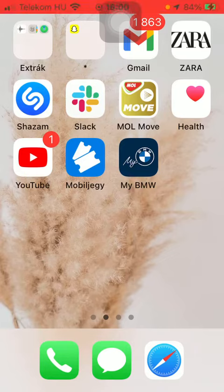Hello guys, in this video I am going to show you how to add your vehicle to the MyBMW application.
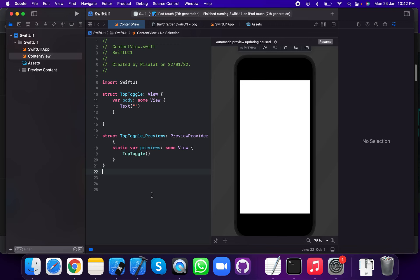Good morning. Today I am going to discuss about top toggle in SwiftUI, using 'Upcoming' and 'History' two options. When upcoming is pressed, history is enabled, and when history is pressed, upcoming is enabled.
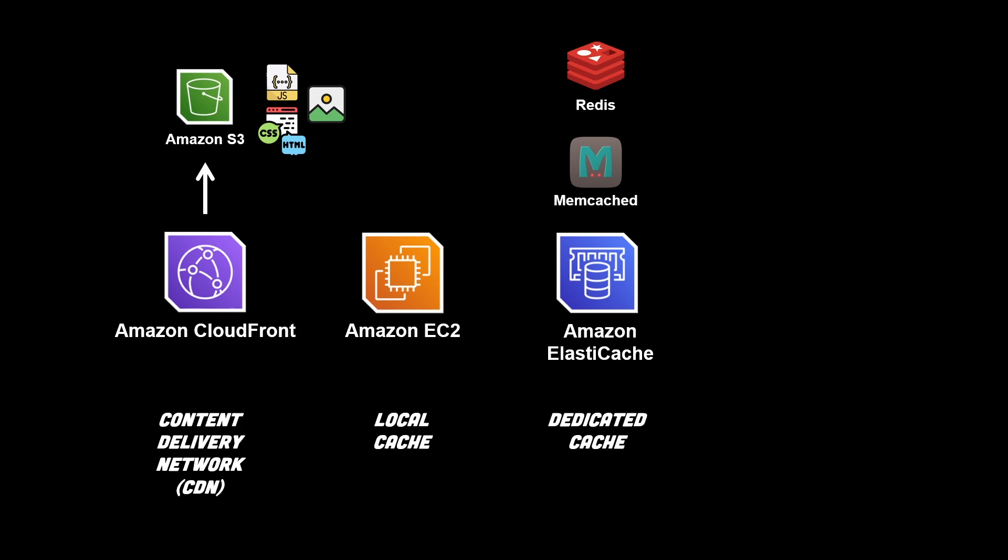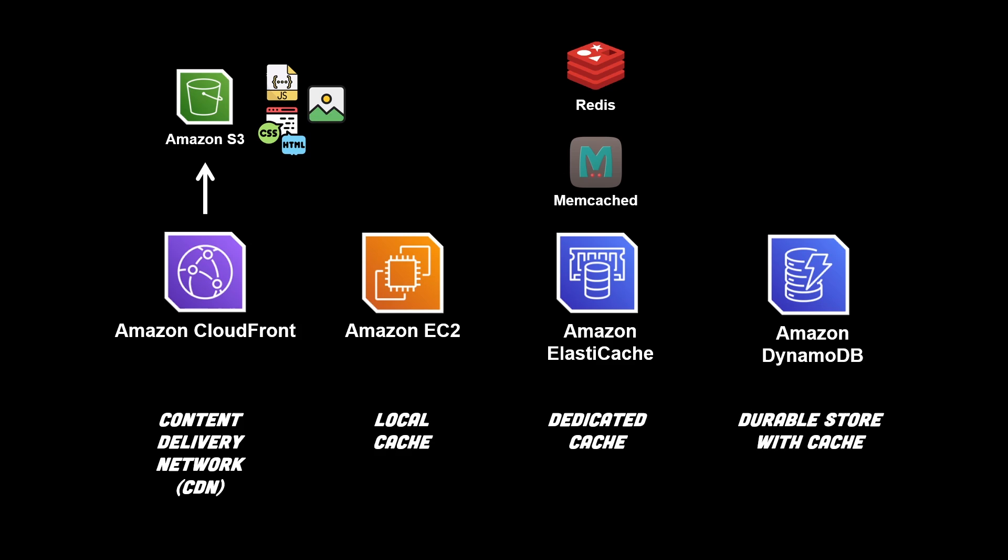The next category is one that you may not expect, which is Amazon DynamoDB. DynamoDB is a powerful NoSQL database that's used in many different applications that require low latency, consistent performance, and horizontal scaling properties. Most of you may think DynamoDB is just a simple key value store, but it's not just a durable store.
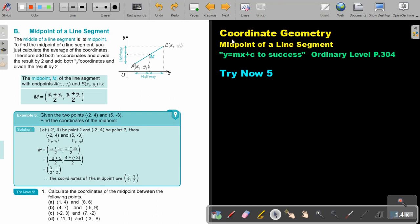We are going to continue with coordinate geometry and focus on the midpoint of a line segment. You will find this on page 304 in the Namibia Ordinary Level Mathematics textbook, Y equals Mx plus C to success. Midpoint of a line segment.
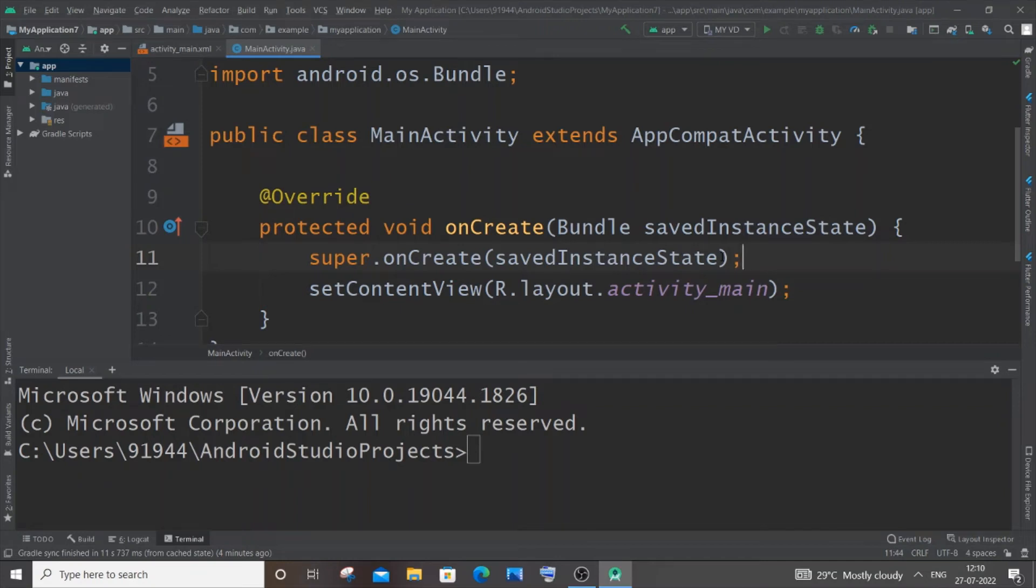Hi everyone, in this video I'll be showing you how to update your Android Studio to the latest version. So let's get started. The first thing you need to do is go to your File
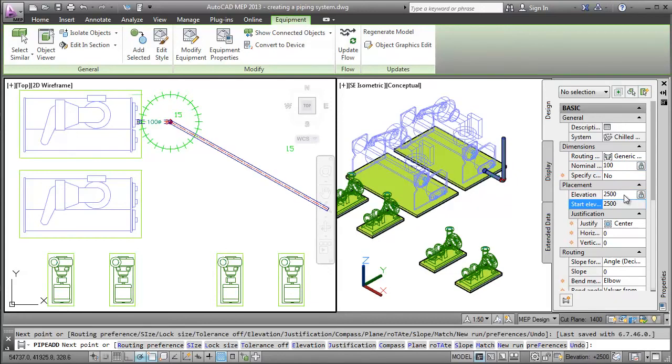Change the elevation of the pipe by changing the elevation in the properties palette. Notice that AutoCAD MEP adds a vertical pipe segment automatically.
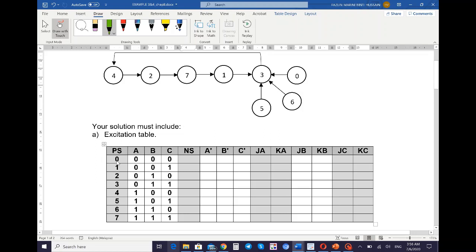I suggest you write down the decimal value based on the sequence number, starting from the smallest number until the largest number. Then you have the next state column and inputs for J and K. Because you have three variables A, B, and C, you need three pairs of J and K — one each for A, B, and C.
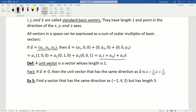A unit vector is a vector whose length is 1. If a is not the zero vector, the unit vector in the same direction as a is given by 1 over the magnitude of a, times a — or equivalently, a divided by its own magnitude. Dividing a vector by its magnitude always produces a vector of length 1.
####################
• _WHAT THE TASK ASKS_
Please retype the data exactly, but do not carry over any picture.

• _REPLY TO THE TASK_
Hello guys, in this video I am going to show you how to add your vehicle to the MyBMW application.
Good morning. Today I am going to discuss about top toggle in SwiftUI, using 'Upcoming' and 'History' two options. When upcoming is pressed, history is enabled, and when history is pressed, upcoming is enabled.
The next category is one that you may not expect, which is Amazon DynamoDB. DynamoDB is a powerful NoSQL database that's used in many different applications that require low latency, consistent performance, and horizontal scaling properties. Most of you may think DynamoDB is just a simple key value store, but it's not just a durable store.
We are going to continue with coordinate geometry and focus on the midpoint of a line segment. You will find this on page 304 in the Namibia Ordinary Level Mathematics textbook, Y equals Mx plus C to success. Midpoint of a line segment.
Hi everyone, in this video I'll be showing you how to update your Android Studio to the latest version. So let's get started. The first thing you need to do is go to your File
Change the elevation of the pipe by changing the elevation in the properties palette. Notice that AutoCAD MEP adds a vertical pipe segment automatically.
I suggest you write down the decimal value based on the sequence number, starting from the smallest number until the largest number. Then you have the next state column and inputs for J and K. Because you have three variables A, B, and C, you need three pairs of J and K — one each for A, B, and C.
A unit vector is a vector whose length is 1. If a is not the zero vector, the unit vector in the same direction as a is given by 1 over the magnitude of a, times a — or equivalently, a divided by its own magnitude. Dividing a vector by its magnitude always produces a vector of length 1.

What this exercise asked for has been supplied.